**What this task involves:** Pictures are to be left out; otherwise, copy exactly the lines from the line containing "Mái ấm Công" through the end of the data.

---*---

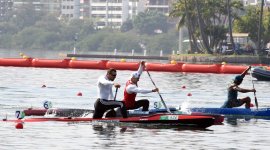 Azərbaycan kanoe üzrə ilk Olimpiya medalını qazandı (FOTO)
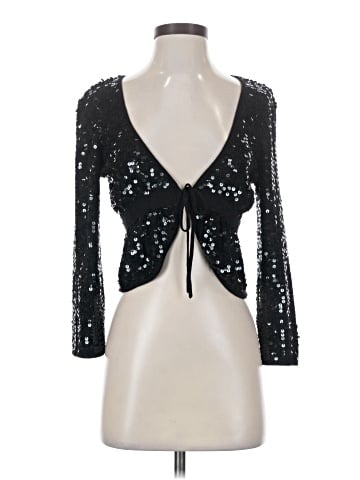 Bebe Silk Cardigan (view 1)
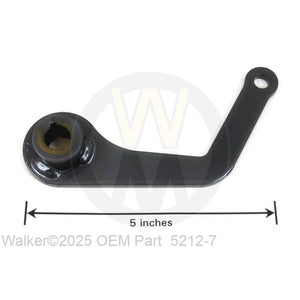 Walker Part # 5212-7 : Transmission Control Arm/RH (Pump)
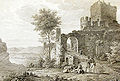 The castle before 1822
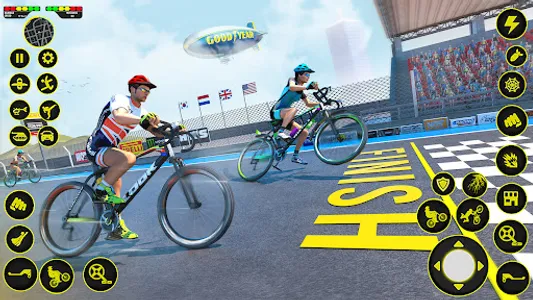 BMX Cycle Race Cycle Stunt screenshot 22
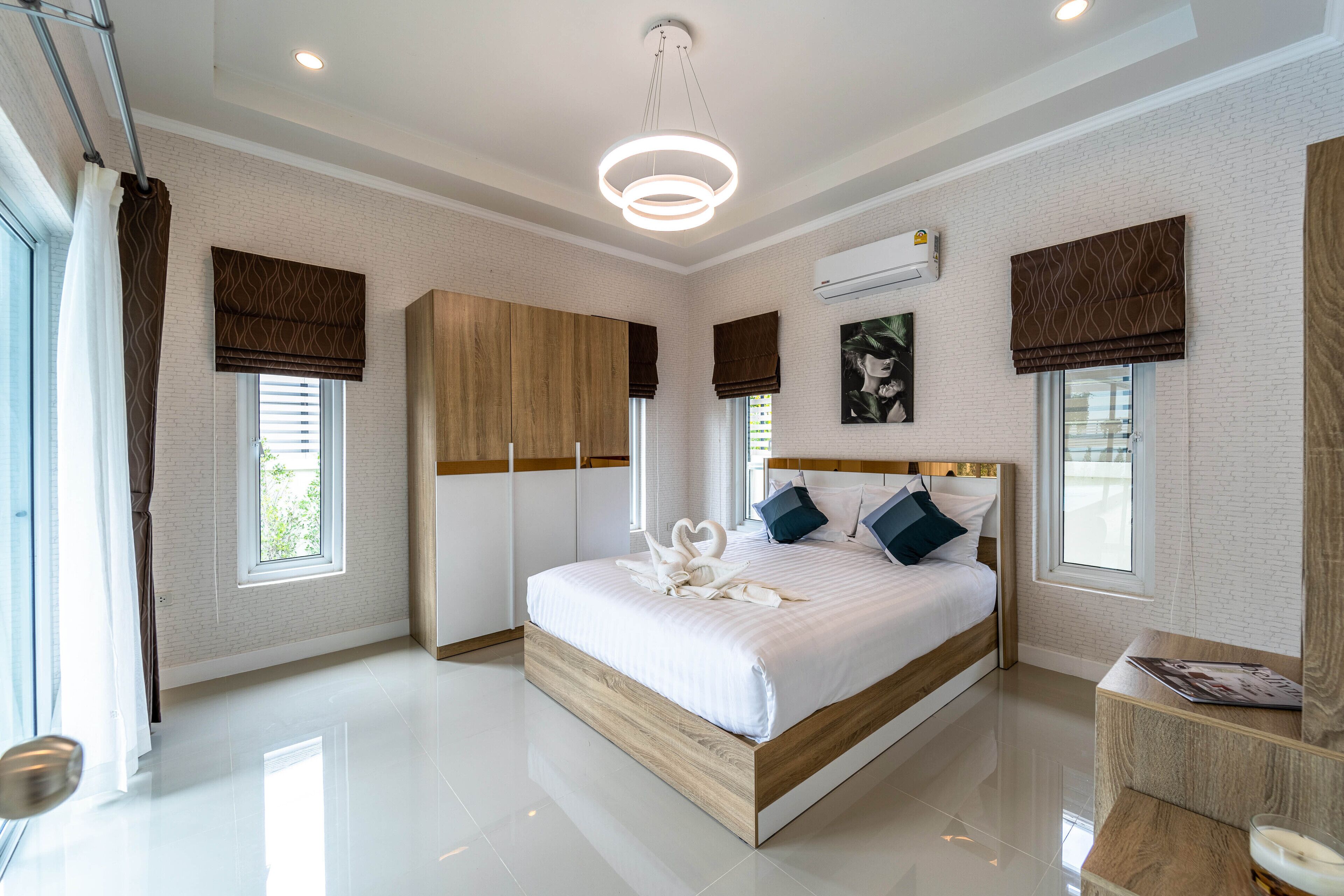 别墅 | 2 多间卧室、熨斗/熨衣板、免费 WiFi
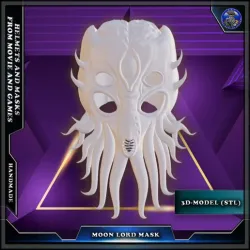 Moon Lord mask (Terraria)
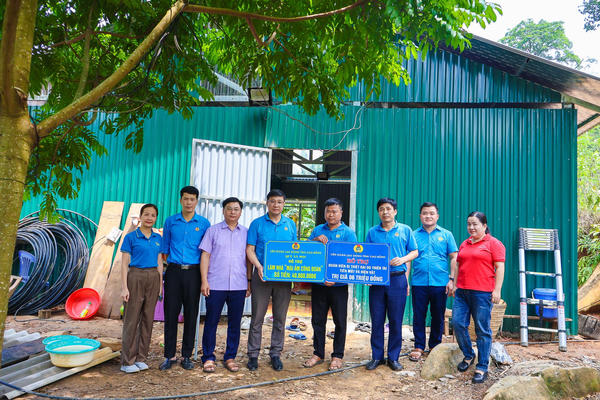 Mái ấm Công đoàn: Điểm tựa giúp người lao động an cư
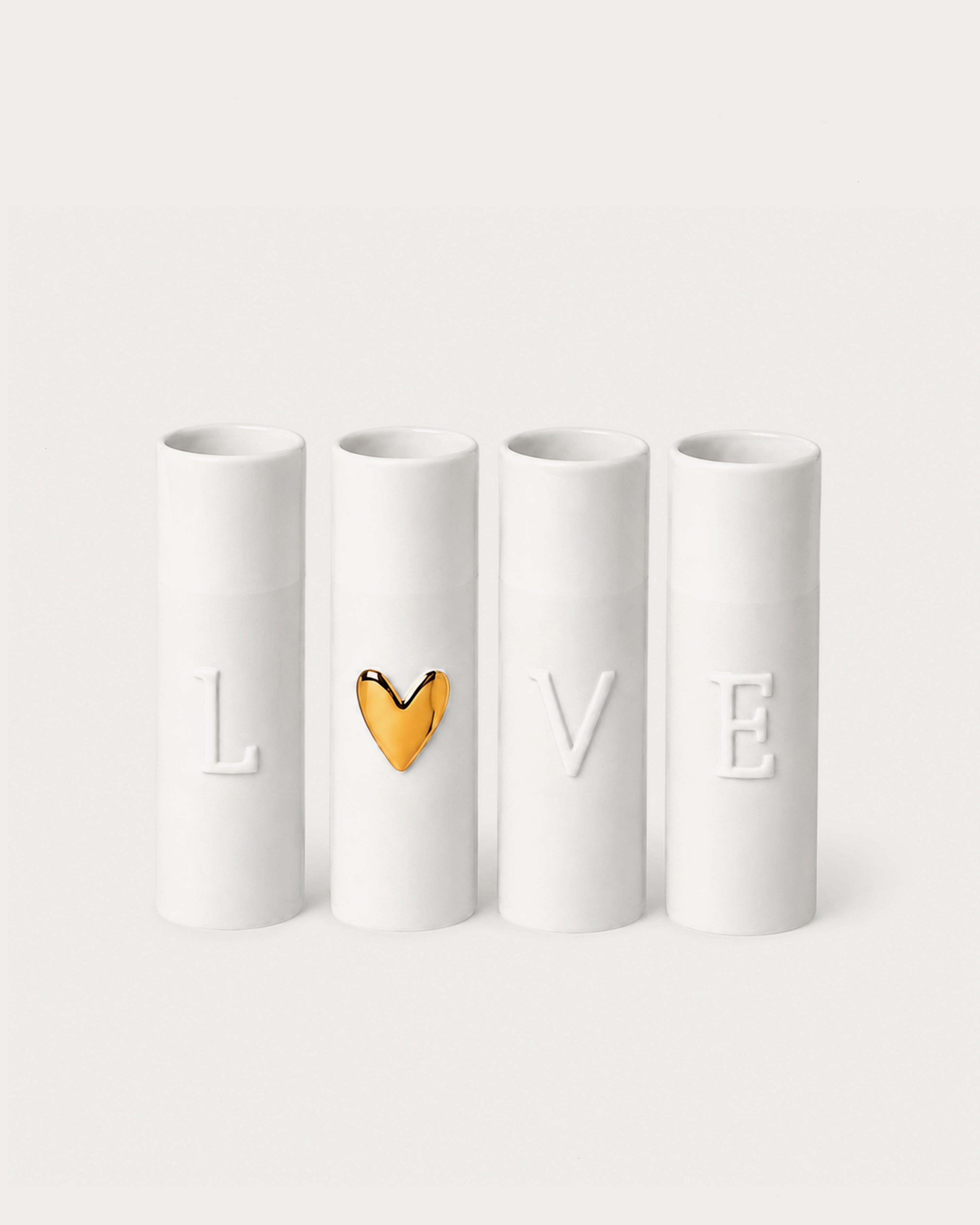 Mini Vases LOVE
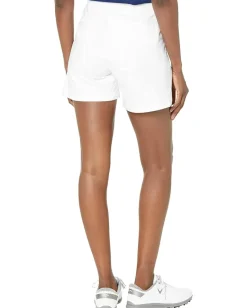 Activewear|adidas Golf Pin Tuck 5" Pull-On Shorts White
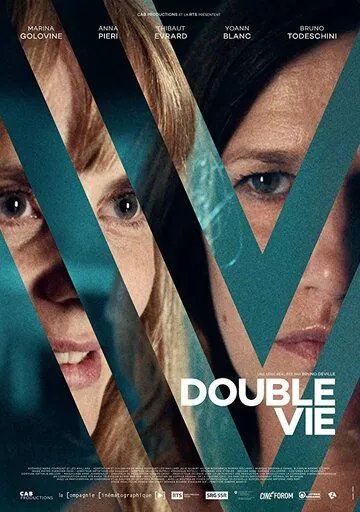 Двойная жизнь / Double vie (2019) cериал скачать через торрент в хорошем качестве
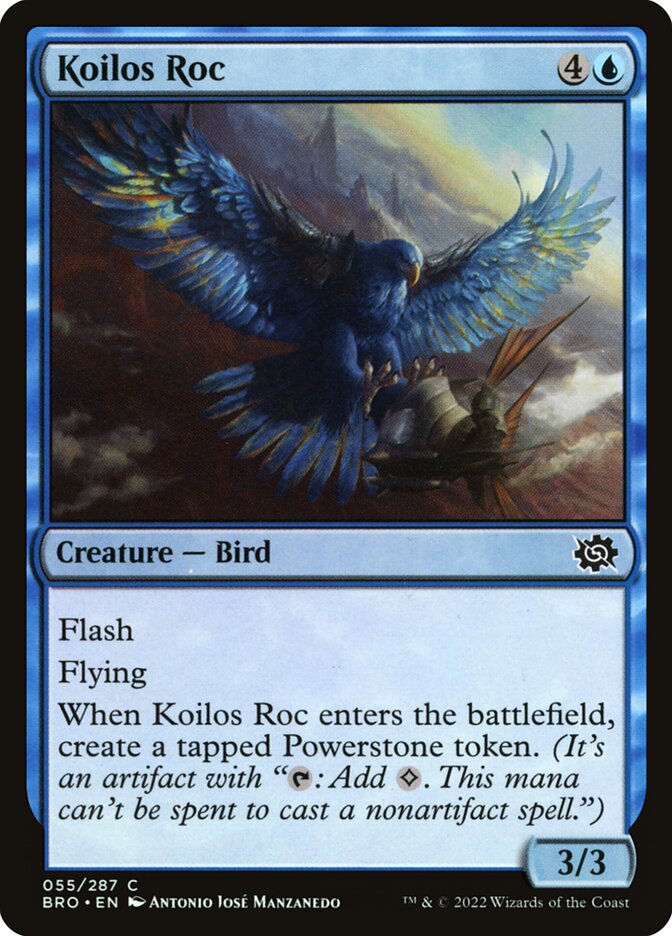Koilos Roc Foil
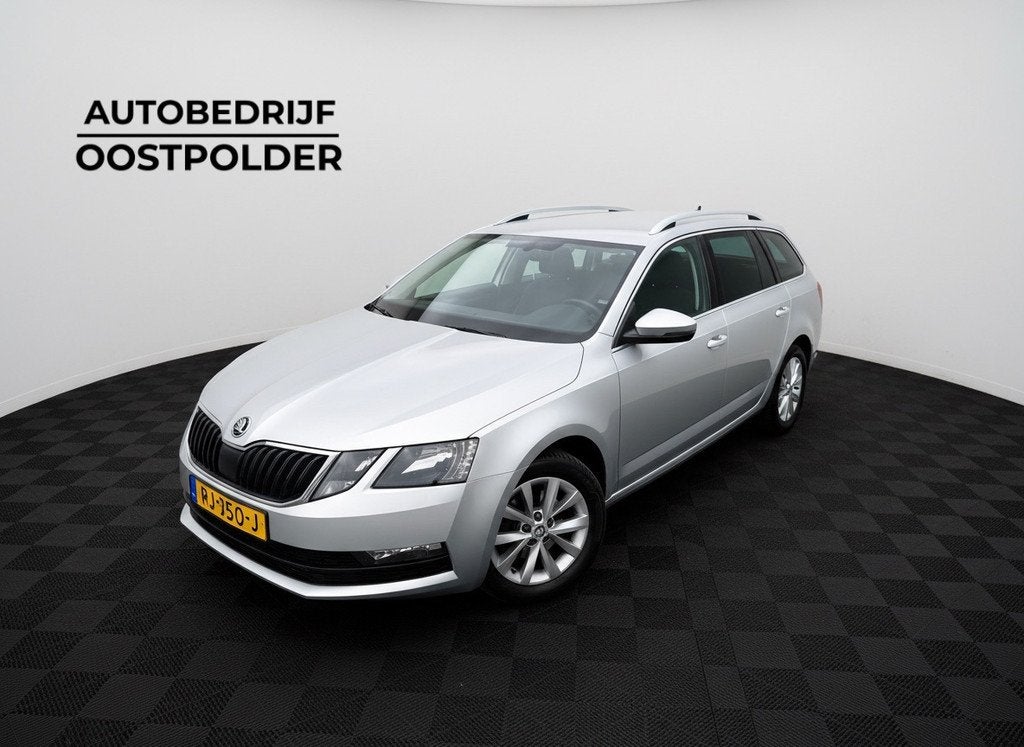 Skoda Octavia Combi 1.0 TSI Greentech Ambition Business, Stof, 116 pk, Origineel Nederlands, 630 kg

---*---

**Exercise solution:**
 Mái ấm Công đoàn: Điểm tựa giúp người lao động an cư
 Mini Vases LOVE
 Activewear|adidas Golf Pin Tuck 5" Pull-On Shorts White
 Двойная жизнь / Double vie (2019) cериал скачать через торрент в хорошем качестве
Koilos Roc Foil
 Skoda Octavia Combi 1.0 TSI Greentech Ambition Business, Stof, 116 pk, Origineel Nederlands, 630 kg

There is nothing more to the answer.